Une délégation de Reporters sans frontières a pu rencontrer le père Guy Theunis, ancien responsable de la revue Dialogue, actuellement incarcéré à la prison centrale de Kigali. Ses conditions de détention sont correctes et il reste optimiste. Reporters sans frontières, qui estime que les charges retenues contre lui sont sans fondement, rendra public très prochainement un rapport détaillé sur cette affaire.
Une délégation de Reporters sans frontières, qui s'est rendue au Rwanda du 30 septembre au 6 octobre 2005, a pu rencontrer le père Guy Theunis, ancien responsable de la revue Dialogue, actuellement incarcéré à la prison centrale de Kigali.
Le père Theunis va bien. Ses conditions de détention sont correctes et il reste optimiste. "La première nuit passée au poste de police a été très dure, mais ensuite j'ai été bien traité. J'ai été bien accueilli par les autres détenus, et je reçois des visites régulières des représentants de l'ambassade de Belgique et des Pères Blancs basés à Kigali", a raconté l'ancien journaliste à Reporters sans frontières.
Reporters sans frontières rendra public très prochainement un rapport détaillé sur cette affaire, notamment sur l'ensemble des "accusations" portées contre le père Theunis.

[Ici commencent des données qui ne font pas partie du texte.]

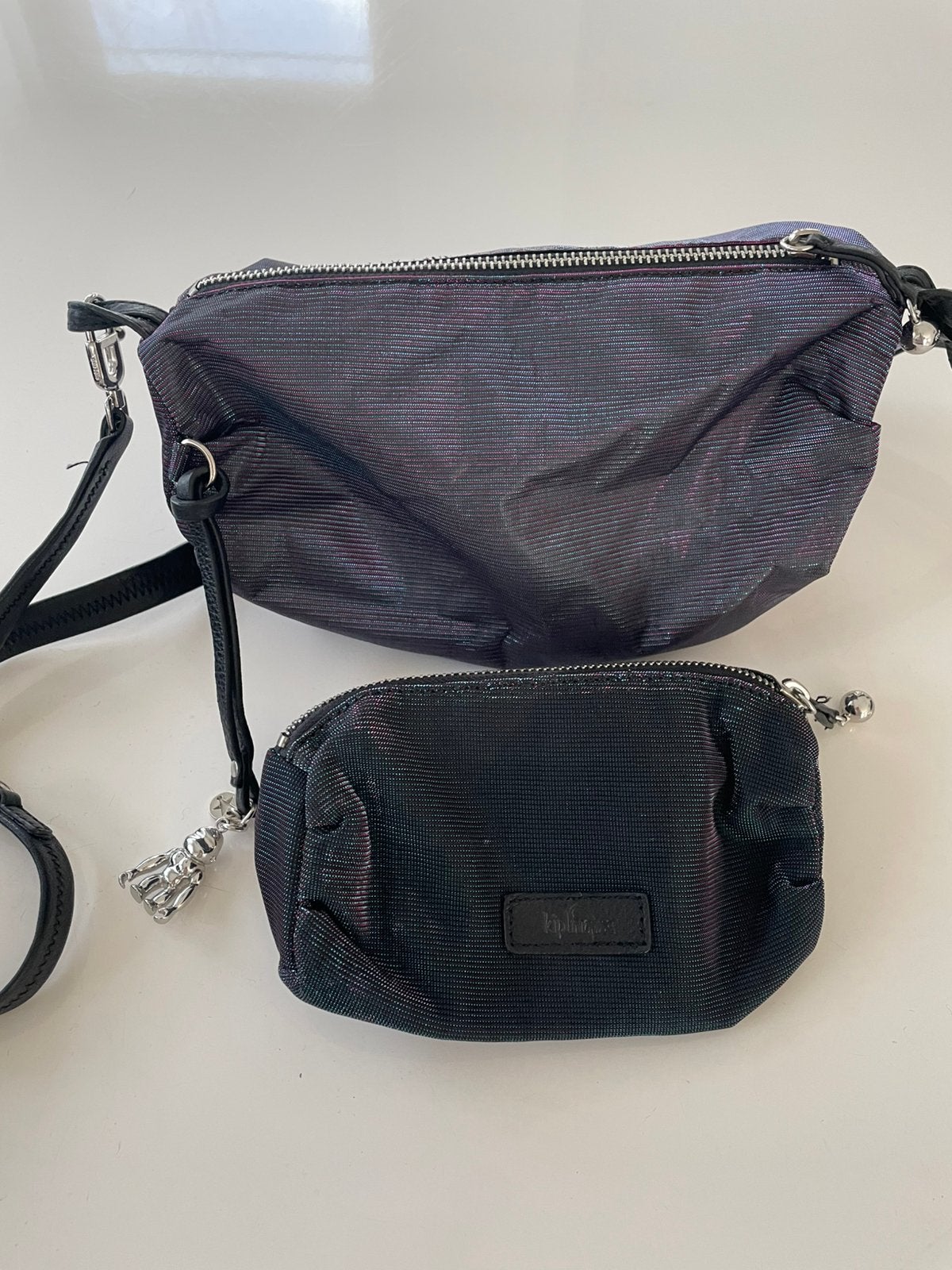 Kipling tassenset, NIEUW, paars/blauw, glanzend, Ophalen of Verzenden, Nieuw, Overige kleuren, Kipling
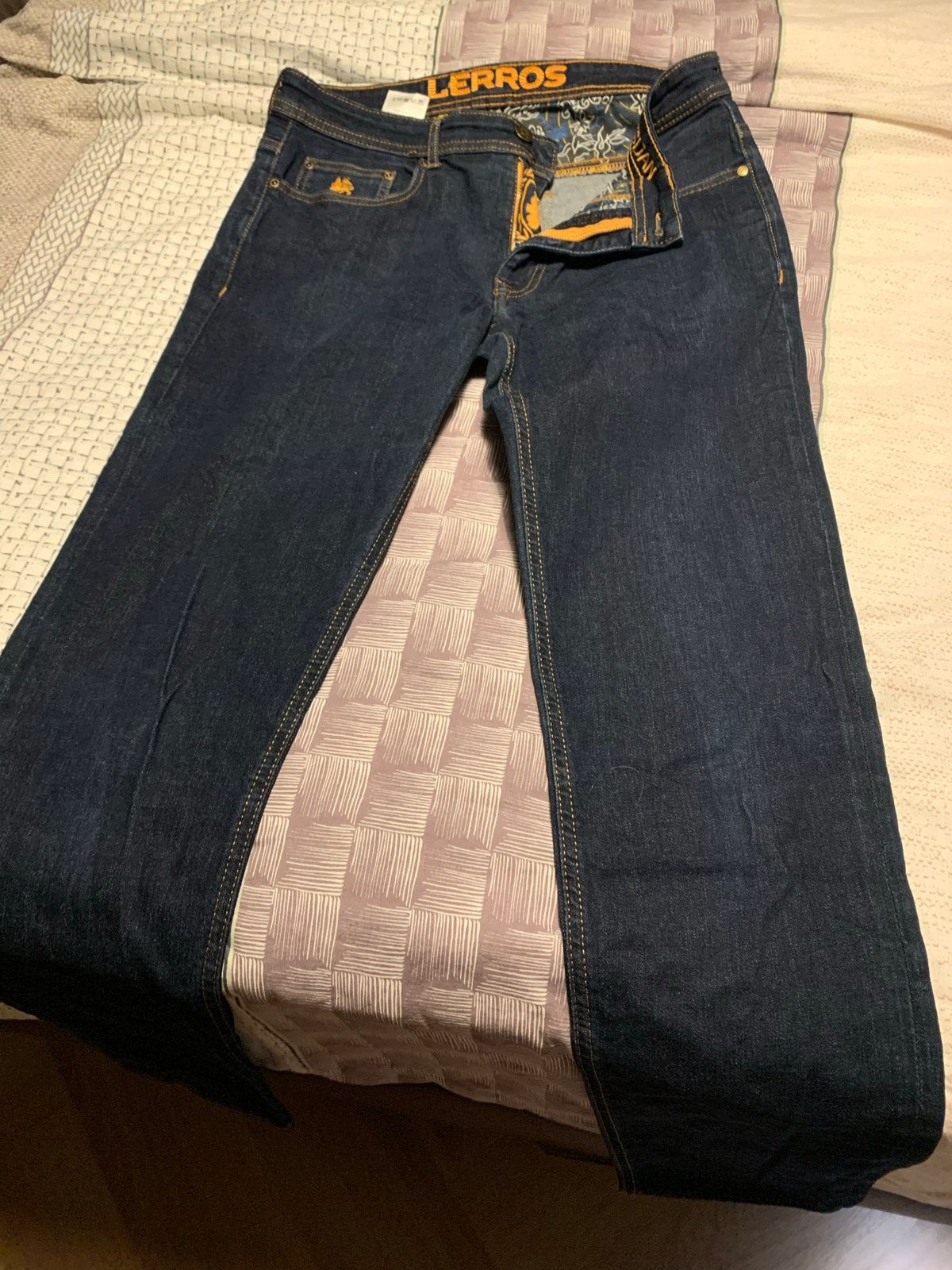 Lerros Jeans - Donkerblauw - Zo goed als nieuw, Ophalen of Verzenden, Zo goed als nieuw, Blauw, W33 - W34 (confectie 48/50)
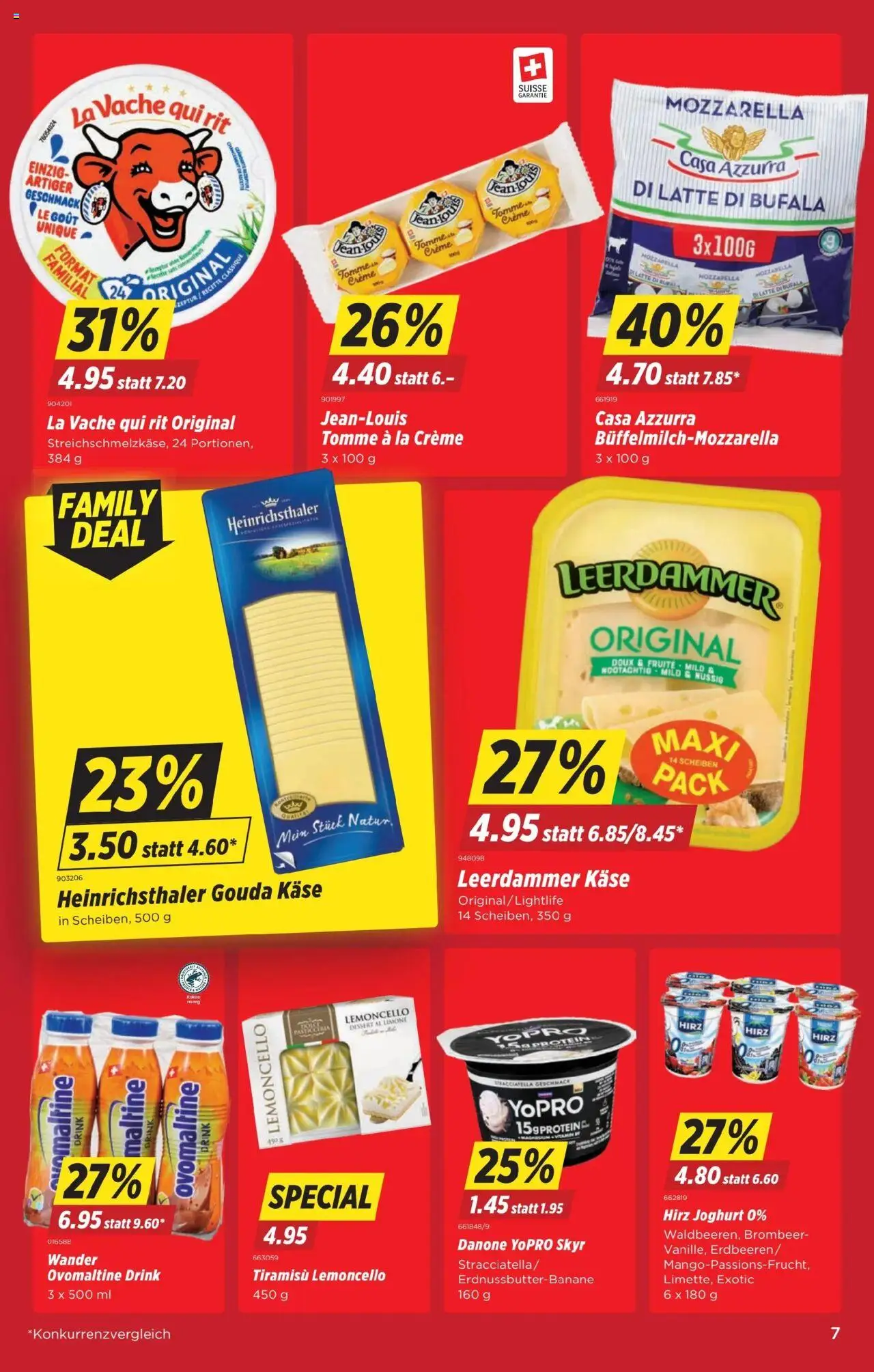Denner Aktionen ab 26.08.2025 | Seite: 7 | Produkte: Gouda, Käse, Joghurt, Creme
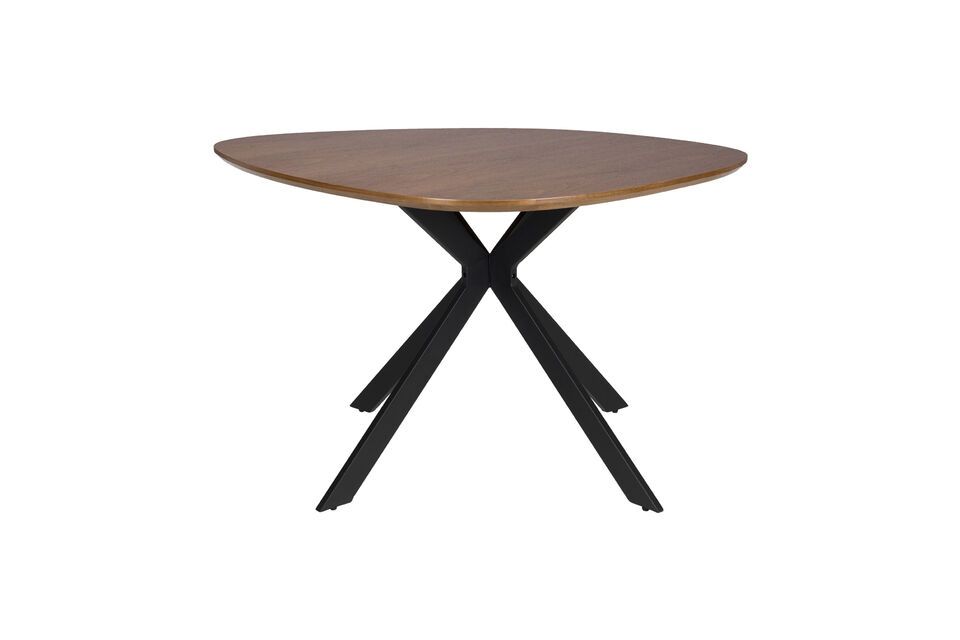 Runder Esstisch aus beigem Holz Chase White Label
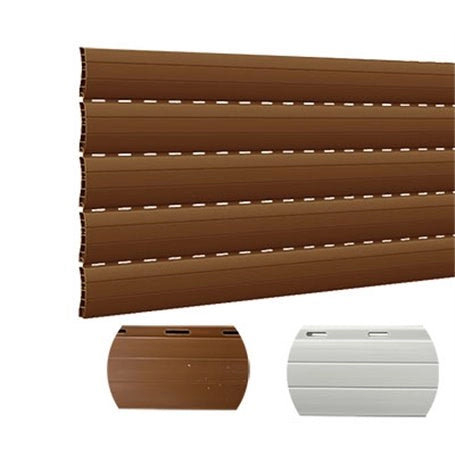 KIT STECCHE AGGIUNTIVE PER TAPPARELLA IN PVC 'TORINO' cm 173x27,5h, Conf. 5 pezzi - Col. Legno K1 - MADE IN ITALY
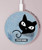 S2641 Pocket Black Cat Kabelloses Ladegerät Pad 15W Typ-C iPhone Android LED Licht Ladestation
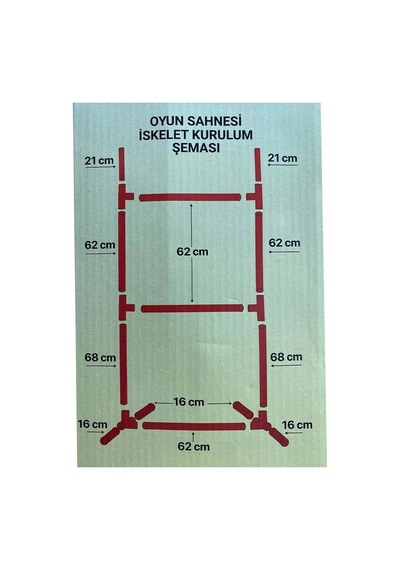 Mol-316 Role Paly Tiyatro Sahne Yeşil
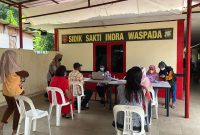 Polsek Batuaji Buka Gerai Vaksin Presisi. Foto: Istimewa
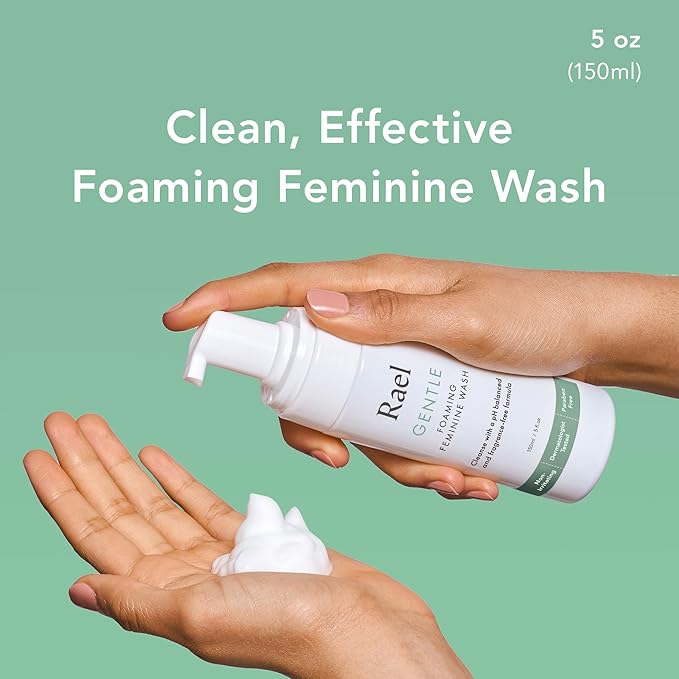 Rael Feminine Wash, Foaming Cleansing Wash (5oz, 4 4 Pack)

L'organisation de défense de la liberté de la presse a enquêté sur les accusations de "négationnisme" et "d'incitation à la haine ethnique" retenues contre le prêtre lors de son audience devant un tribunal populaire, le 11 septembre. Après avoir rencontré les principaux témoins à charge et recueilli de nombreux témoignages et documents, l'organisation confirme que rien ne justifie l'arrestation du père Theunis. "Les accusations portées contre lui n'ont aucun fondement. Rien, dans les documents présentés lors de l'audience devant la gacaca, ni ultérieurement, ne prouve que Guy Theunis aurait incité d'une quelconque façon à la haine ethnique ou nié l'existence du génocide rwandais de 1994", a déclaré Reporters sans frontières.
"Cette affaire est politique. Aucune enquête n'a vraisemblablement été menée en amont par les autorités judiciaires. Il semble que le parquet rwandais a signé un mandat d'arrêt sous la pression de certains cadres du Front patriotique rwandais (FPR, au pouvoir), dont certains ont témoigné contre Guy Theunis lors de son audience devant un tribunal populaire. Par ailleurs, la promesse faite par le gouvernement rwandais d'extrader Guy Theunis vers la Belgique à la seule condition qu'un procès ait lieu à Bruxelles n'est pas acceptable. En effet, les éléments produits par la justice rwandaise ne justifient même pas la tenue d'un procès."
Le 11 septembre 2005, à l'issue d'une audience publique, une gacaca du district de Rugenge (Kigali) a placé le père Guy Theunis dans la catégorie 1 des individus accusés d'avoir une responsabilité particulièrement grave dans le génocide de 1994. Il a aussitôt été renvoyé à la prison centrale de Kigali.
Il a été accusé d'incitation à la haine et au divisionnisme, notamment pour avoir publié des extraits d'articles du journal extrémiste Kangura dans une revue de presse éditée par Dialogue. Ce travail avait pour objectif d'informer les abonnés des dérives des médias extrémistes.
Le père Theunis a été arrêté le 6 septembre à l'aéroport de Kigali alors qu'il s'apprêtait à prendre l'avion pour retourner en Belgique. Il s'était rendu dans l'est de la République démocratique du Congo voisine pour participer à un séminaire sur la paix et la réconciliation.
Agé de 60 ans, ce missionnaire belge, membre de la Société des missionnaires d'Afrique, est le premier ressortissant étranger à comparaître devant les gacacas, ces tribunaux populaires mis en place pour juger les centaines de milliers d'individus toujours détenus et accusés d'être impliqués dans le génocide de 1994.